Hyland warns that the radiation from mobile phones could also affect chemical activity in the brain. 

He says: "The blood brain barrier which keeps infections out of the brain could be made more permeable and that could increase the risk of infection." 

Hyland is keen to stress that not everybody would be affected in the same way, but he adds: "If it was your child the problem would be 100%".

The mobile phone industry claims that all mobiles produce less microwaves than even the new recommended limits. 

But Hyland says that this only addresses the heating ability, which is just part of the problem. 

He says: "There are other sensitivities not addressed by the safety regulations. For example flashing lights at a certain speed are banned on television because of the risk of seizures for epileptics. This has nothing to do with the brightness of the light, it has to do with its speed per second." 

Storing up health risks for the future may just be part of the problem. According to Dr Sidney Crown, a consultant psychotherapist, there could be real social damage involved with the widespread use of mobile phones among young people. 

He says: "I am worried about the potential for harassment. I think it could be a very nasty tool for bullying as the caller could remain anonymous. I would certainly recommend that mobile phone ownership was kept for adulthood." 

The worry is that it can be difficult to monitor who your children are calling or who is calling them. In fact there has already been a case of 'phone roulette' in which two Worthing schoolgirls played truant to meet a boy in Eccles, Manchester, who they had met by ringing random numbers. 

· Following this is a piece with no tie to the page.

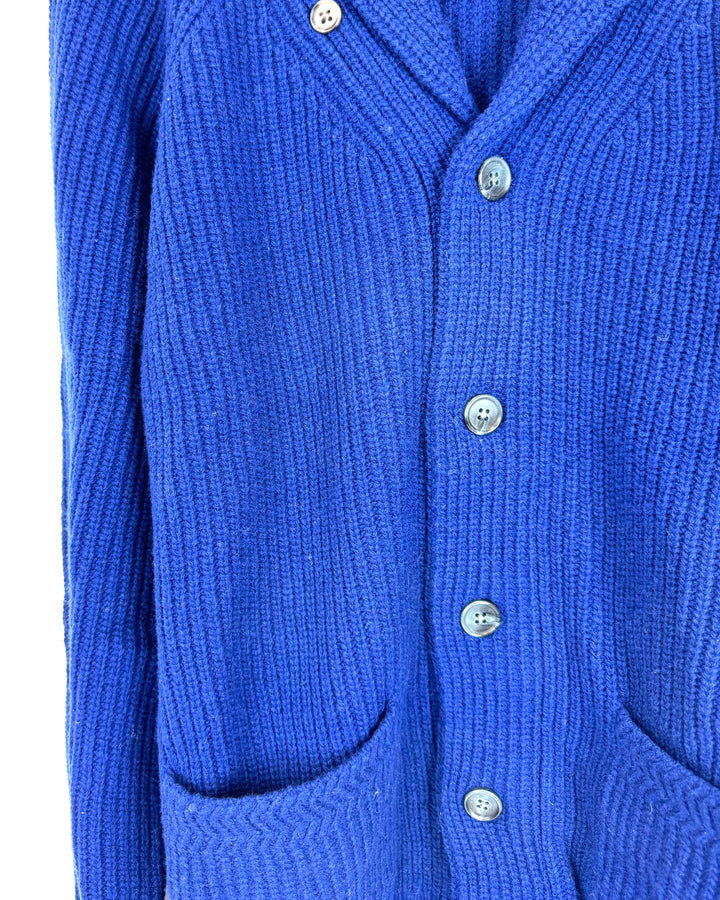 Blue Button-Up Cardigan - Mens Medium / Womens Large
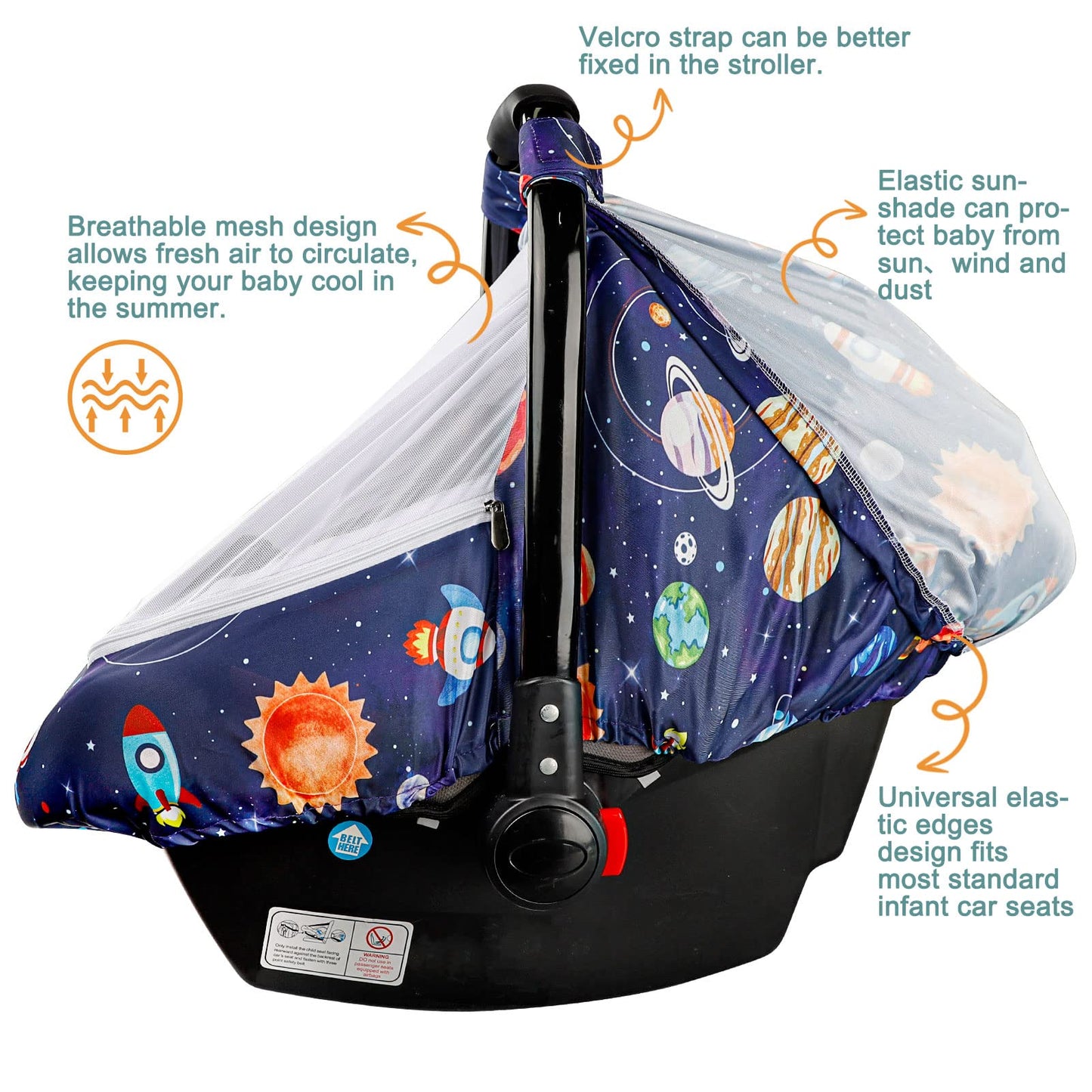 Swesen Car Seat Covers For Babies, Carseat Cover Boy With Zipper, Cozy Sun & Summer Cover, Infant Car Seat Canopy, Carseat Priva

Dr Crown is also concerned about the knock-on effect from buying a child such an expensive toy. 

He says: "It doesn't just apply to mobile phones but there is a worry of giving children everything they demand at such an early age which ends up leaving little for the child to desire. I am also unsure if young children are up to the responsibility of looking after a mobile phone. 

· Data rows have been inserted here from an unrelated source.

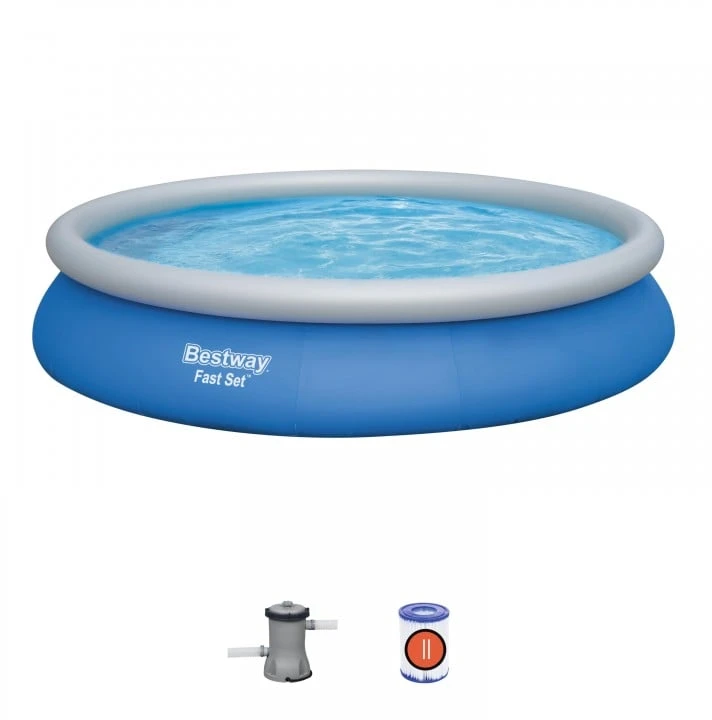 Bestway® Fast Set™ antžeminio baseino komplektas su filtravimo siurbliu Ø 457 x 84 cm, rotango išvaizdos (skalūno pilka), apvalus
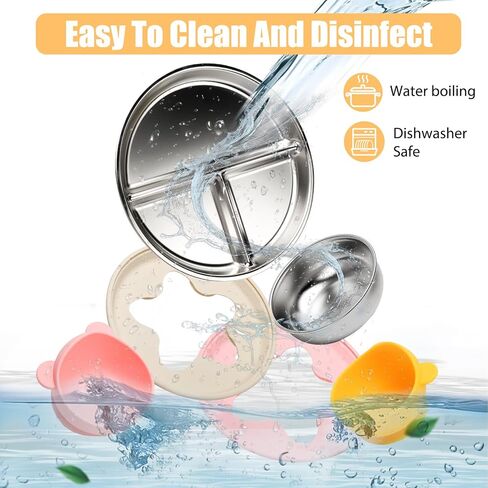 Stainless Steel Baby Plate and Bowls with Suction, Divided Kids Baby Plate and Toddler Bowl with Removable Silicone Suction, Non-Slip Baby Feeding Set Dishwasher Safe，4 Packs in Saudi Arabia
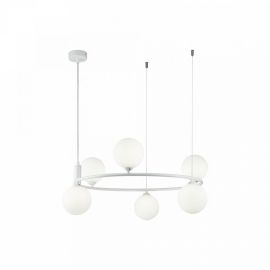 Pendule, Lustre suspendate - Lustra design modern cu 6 surse de lumina Ring alba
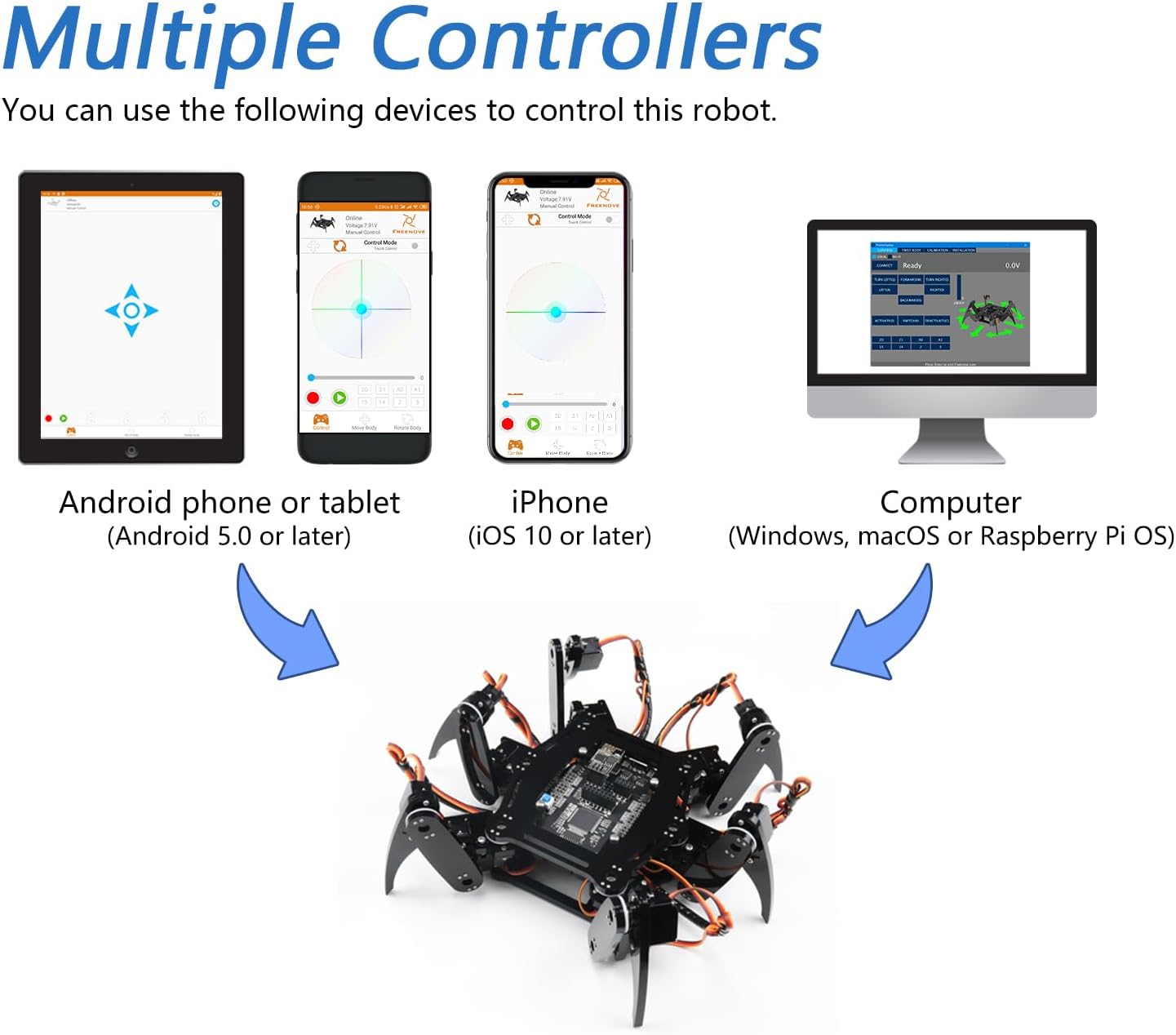 FREENOVE Hexapod Robot Kit with Remote (Compatible with Arduino IDE), Walking Crawling Twisting, App Remote Control, Servo STEM Project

"I would also not wish to encourage the couch potato mentality. The conversations I have heard between children on mobile phones have been totally trivial. They appear to be using it to make time pass. It is too negative and too passive a pastime." 

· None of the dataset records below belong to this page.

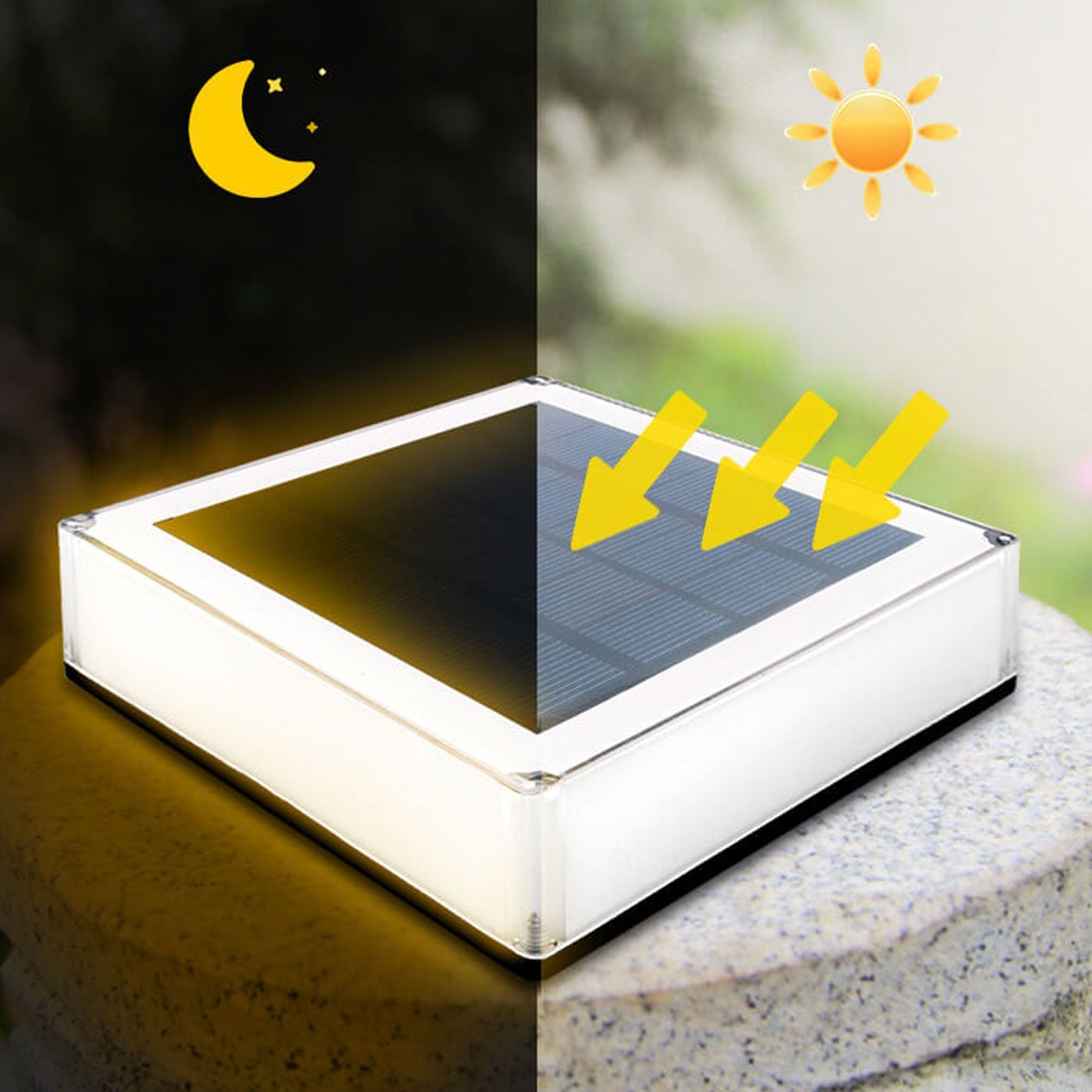 Modern Solar RGB Square Post Head Light Outdoor Garden Landscape Light Lumendat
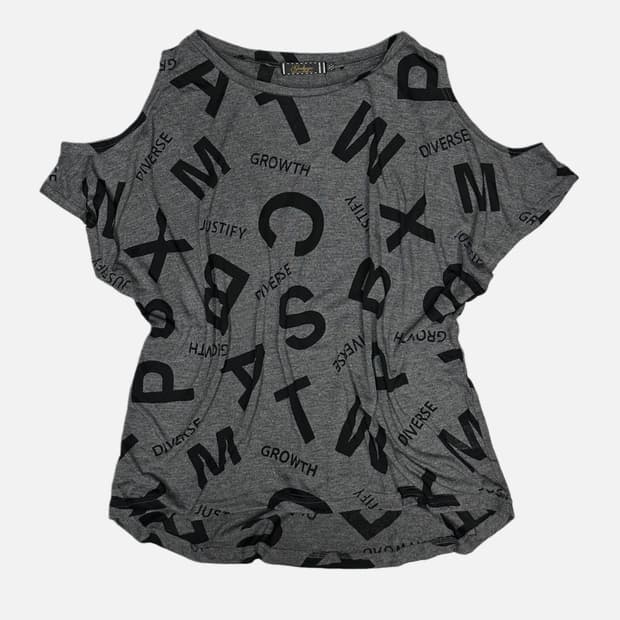 GALYGE punk off-shoulder lettering t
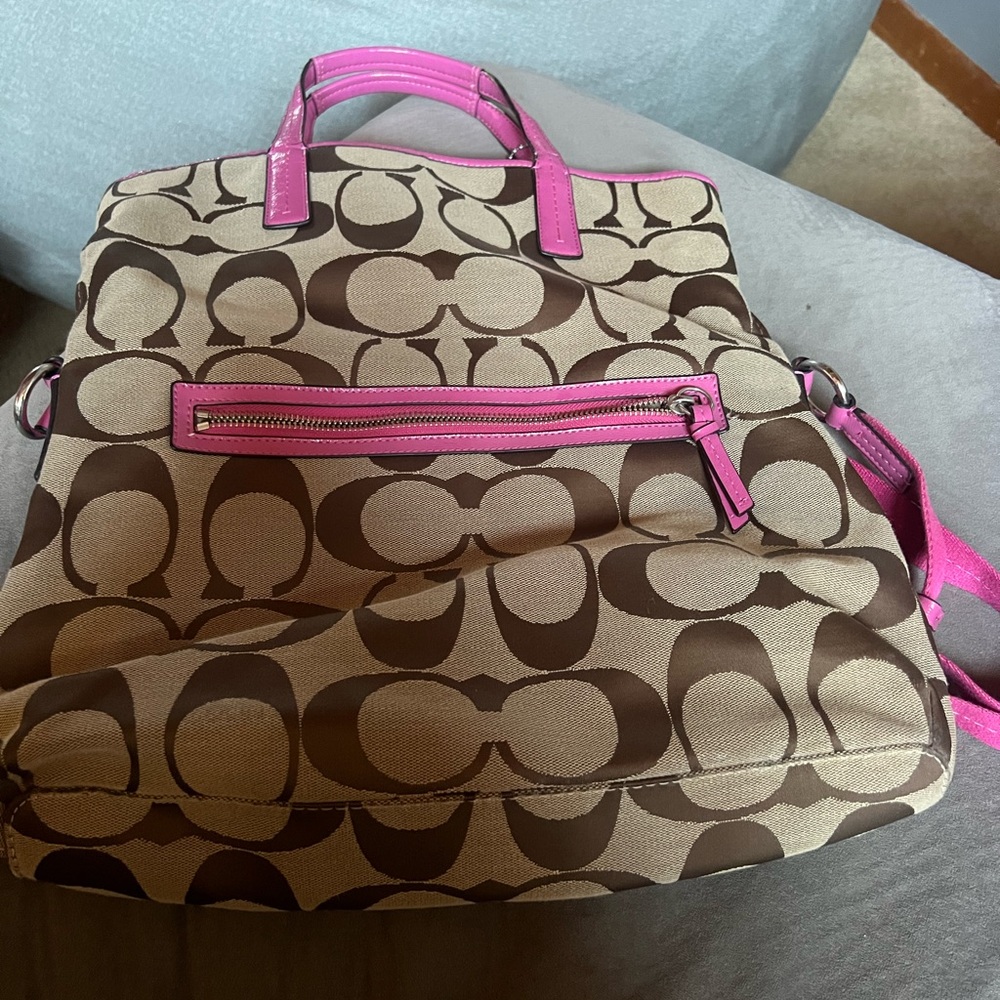 Coach pink signature crossbody purse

Finally, parents could be counting the cost in terms of cash. Unless you operate a pay-as-you-talk scheme there is the real risk of your child running up a huge bill. Ahmed Butt, a solicitor and debt counsellor at the Mary Ward Legal Centre in Bloomsbury, central London, said 10% of his clients were struggling to pay off their children's mobile bills. 

The new pre-pay phones, which can be bought for as little as GBP40 are proving extremely popular with parents but they downside is that they do carry fairly high airtime charges.